The spirituality of India attracts visitors from all over the world. From the bohemian hippies that hit the well-travelled trail through Delhi and Goa back in the 60s, to the modern-day jet-setter looking to stay at a fashionable Ashram – there is something magical in the air of this mystical country, a suggestion of a spiritual epiphany just round the corner.
Perhaps this ambience is the result of the diverse religions and cultures that call India home.
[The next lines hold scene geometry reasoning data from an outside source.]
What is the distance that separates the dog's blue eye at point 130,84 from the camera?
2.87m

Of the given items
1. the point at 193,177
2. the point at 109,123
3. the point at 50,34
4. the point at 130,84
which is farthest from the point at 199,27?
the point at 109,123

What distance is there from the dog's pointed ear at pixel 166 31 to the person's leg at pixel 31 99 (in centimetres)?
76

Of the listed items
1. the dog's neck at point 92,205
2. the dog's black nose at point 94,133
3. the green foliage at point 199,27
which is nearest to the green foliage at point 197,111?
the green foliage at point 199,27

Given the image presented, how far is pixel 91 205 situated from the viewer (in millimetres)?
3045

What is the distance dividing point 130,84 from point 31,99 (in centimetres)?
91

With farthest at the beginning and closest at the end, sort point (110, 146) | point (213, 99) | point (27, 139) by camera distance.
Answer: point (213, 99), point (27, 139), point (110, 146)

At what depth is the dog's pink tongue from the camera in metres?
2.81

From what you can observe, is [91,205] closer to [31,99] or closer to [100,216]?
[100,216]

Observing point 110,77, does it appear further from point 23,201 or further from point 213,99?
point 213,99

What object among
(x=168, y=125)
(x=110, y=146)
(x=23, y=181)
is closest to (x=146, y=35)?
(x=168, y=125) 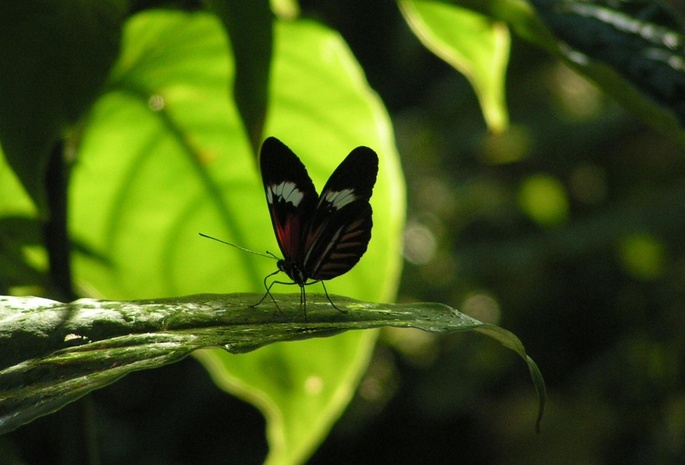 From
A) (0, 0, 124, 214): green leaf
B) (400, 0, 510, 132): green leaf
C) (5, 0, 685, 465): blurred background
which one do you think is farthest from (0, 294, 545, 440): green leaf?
(5, 0, 685, 465): blurred background

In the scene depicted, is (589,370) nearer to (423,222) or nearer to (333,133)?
(423,222)

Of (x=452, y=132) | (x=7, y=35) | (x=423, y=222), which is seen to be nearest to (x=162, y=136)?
(x=7, y=35)

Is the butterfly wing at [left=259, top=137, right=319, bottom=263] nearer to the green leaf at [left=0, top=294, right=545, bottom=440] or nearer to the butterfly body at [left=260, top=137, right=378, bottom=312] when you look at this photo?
the butterfly body at [left=260, top=137, right=378, bottom=312]

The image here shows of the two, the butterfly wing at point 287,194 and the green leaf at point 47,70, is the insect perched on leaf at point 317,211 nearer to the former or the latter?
the butterfly wing at point 287,194

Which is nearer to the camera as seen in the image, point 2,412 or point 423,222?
point 2,412

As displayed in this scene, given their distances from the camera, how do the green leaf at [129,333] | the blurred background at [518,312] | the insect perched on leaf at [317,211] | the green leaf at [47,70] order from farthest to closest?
the blurred background at [518,312]
the insect perched on leaf at [317,211]
the green leaf at [47,70]
the green leaf at [129,333]

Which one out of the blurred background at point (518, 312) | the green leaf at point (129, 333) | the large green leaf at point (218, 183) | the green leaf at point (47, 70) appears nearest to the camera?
the green leaf at point (129, 333)

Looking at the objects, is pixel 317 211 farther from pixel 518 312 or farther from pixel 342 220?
pixel 518 312

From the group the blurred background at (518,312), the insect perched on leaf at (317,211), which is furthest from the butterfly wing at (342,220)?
Answer: the blurred background at (518,312) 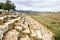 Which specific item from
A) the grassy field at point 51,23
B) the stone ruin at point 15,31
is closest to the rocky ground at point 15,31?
the stone ruin at point 15,31

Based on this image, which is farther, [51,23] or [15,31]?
[51,23]

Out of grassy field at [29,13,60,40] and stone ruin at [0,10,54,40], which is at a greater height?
stone ruin at [0,10,54,40]

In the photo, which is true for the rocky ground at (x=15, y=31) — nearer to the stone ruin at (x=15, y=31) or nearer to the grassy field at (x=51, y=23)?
the stone ruin at (x=15, y=31)

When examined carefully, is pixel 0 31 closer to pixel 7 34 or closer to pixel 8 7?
pixel 7 34

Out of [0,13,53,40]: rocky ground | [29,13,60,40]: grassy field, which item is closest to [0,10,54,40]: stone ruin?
[0,13,53,40]: rocky ground

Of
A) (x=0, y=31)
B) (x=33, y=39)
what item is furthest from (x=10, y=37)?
(x=33, y=39)

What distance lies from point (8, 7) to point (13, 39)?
6352 cm

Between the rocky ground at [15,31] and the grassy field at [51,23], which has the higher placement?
the rocky ground at [15,31]

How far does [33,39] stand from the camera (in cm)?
1171

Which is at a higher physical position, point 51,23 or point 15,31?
point 15,31

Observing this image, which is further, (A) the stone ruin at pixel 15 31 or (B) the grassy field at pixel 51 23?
(B) the grassy field at pixel 51 23

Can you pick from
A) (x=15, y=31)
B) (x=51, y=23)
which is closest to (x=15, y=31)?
(x=15, y=31)

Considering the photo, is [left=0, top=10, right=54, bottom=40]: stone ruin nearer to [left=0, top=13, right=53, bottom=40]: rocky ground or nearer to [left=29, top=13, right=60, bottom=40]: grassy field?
[left=0, top=13, right=53, bottom=40]: rocky ground

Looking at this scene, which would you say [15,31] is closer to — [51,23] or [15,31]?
[15,31] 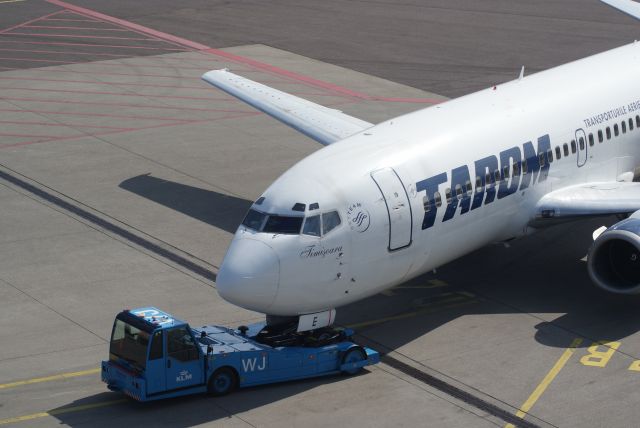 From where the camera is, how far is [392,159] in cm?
2561

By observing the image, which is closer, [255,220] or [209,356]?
[209,356]

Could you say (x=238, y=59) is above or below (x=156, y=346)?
above

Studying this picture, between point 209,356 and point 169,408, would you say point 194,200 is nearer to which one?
point 209,356

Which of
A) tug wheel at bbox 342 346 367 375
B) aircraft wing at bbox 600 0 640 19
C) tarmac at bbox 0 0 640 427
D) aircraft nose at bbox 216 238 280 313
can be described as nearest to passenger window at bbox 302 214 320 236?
aircraft nose at bbox 216 238 280 313

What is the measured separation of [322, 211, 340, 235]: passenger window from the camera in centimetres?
2378

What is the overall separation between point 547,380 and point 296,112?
14.1 m

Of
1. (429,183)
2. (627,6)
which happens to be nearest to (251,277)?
(429,183)

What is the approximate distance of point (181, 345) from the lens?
73.0ft

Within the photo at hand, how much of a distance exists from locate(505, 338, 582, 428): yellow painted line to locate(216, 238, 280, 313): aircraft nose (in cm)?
537

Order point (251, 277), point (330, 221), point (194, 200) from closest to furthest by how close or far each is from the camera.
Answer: point (251, 277)
point (330, 221)
point (194, 200)

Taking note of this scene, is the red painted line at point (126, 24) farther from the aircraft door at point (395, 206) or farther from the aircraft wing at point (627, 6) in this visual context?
the aircraft door at point (395, 206)

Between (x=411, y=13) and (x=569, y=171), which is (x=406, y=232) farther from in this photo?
(x=411, y=13)

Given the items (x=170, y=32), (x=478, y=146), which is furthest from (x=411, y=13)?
(x=478, y=146)

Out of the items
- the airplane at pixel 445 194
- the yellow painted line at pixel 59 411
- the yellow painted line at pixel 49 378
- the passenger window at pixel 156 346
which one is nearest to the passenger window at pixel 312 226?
the airplane at pixel 445 194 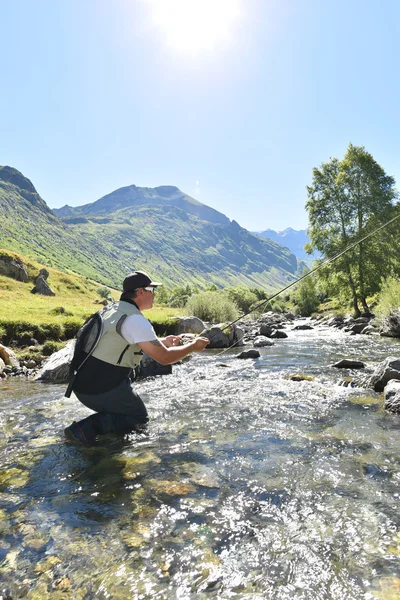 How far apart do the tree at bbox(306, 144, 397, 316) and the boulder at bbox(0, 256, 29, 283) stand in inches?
2331

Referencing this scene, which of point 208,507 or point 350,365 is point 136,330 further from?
point 350,365

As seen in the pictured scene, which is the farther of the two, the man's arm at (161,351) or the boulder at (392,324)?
the boulder at (392,324)

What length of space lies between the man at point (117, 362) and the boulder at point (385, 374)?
Result: 686 cm

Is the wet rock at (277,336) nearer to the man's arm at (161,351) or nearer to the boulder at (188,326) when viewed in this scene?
the boulder at (188,326)

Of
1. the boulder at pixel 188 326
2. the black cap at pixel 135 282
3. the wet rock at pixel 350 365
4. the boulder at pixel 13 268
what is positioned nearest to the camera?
the black cap at pixel 135 282

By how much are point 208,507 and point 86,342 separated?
3.51 metres

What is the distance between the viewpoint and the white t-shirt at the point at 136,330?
20.3 ft

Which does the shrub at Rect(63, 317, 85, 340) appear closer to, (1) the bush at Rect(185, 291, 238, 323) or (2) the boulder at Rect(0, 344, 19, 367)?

The country has a long history of celebrating festivals that have a special meaning to these different groups, and with so many exuberant events going on over the year, you would be hard pressed to forget the colourful traditions and spiritual beliefs of the people.
In fact, it is said there was once a time when there was an Indian festival for all 365 days of the year – giving thanks for the myriad of blessings that life offers up, such as a good harvest, as well as celebrating religious occasions such as the day of Buddha’s enlightenment. But when poverty reared its head in the country, festivities were put on a back-burner. With some people in India feeling fortunate just to have simple food to fill their bellies, the luxury of ongoing festivities cannot be sustained, particularly as one of the most important elements of the Indian festival has always been food.
Festivals are revered throughout India, in part because they celebrate long-standing traditions. Food plays an integral role in this as the diverse dishes of Indian recipes are passed down through the generations, rich with history and the ability to unite people at times of revelry.
Just as in the UK we associate roast turkey and all the festive trimmings with Christmas time, certain ceremonious dishes are intrinsically linked to certain special occasions in India. An example is the sweet, rice flour dumpling – chalimidi – a favourite at baby showers or the Sri Rama Navami festival; another is khoya, a cake of thickened milk that experiences great popularity at Diwali. Rajma sundal, a kidney bean stew, is a dish that Dasara festival could not be celebrated without, whilst the crispy gujiya, reminiscent of a golden Cornish pasty (albeit one stuffed with a sugary concoction of coconut, nuts and cardamom), are classic treats at Holi.
Just as we throw all concerns about healthy living out the window at Christmas and resign ourselves to a day of indulgence, the same sort of decadence occurs at Indian festivals – a selection of rich, creamy mithai, or milk-based sweets, is considered an essential element of any Indian festival.
Another time we certainly do not worry about over-indulgence is when we treat ourselves to an evening out where we can enjoy some of our favourite global cuisine. The menus of some of London’s best Indian fine dining restaurants offer a range of traditional recipes given a few modern-day tweaks. From light, vegetarian dishes to rich, flavoursome meat recipes; from spicy snacks to deliciously decadent desserts – you’ll be able to feast on all your favourites, just like you’re at an Indian festival.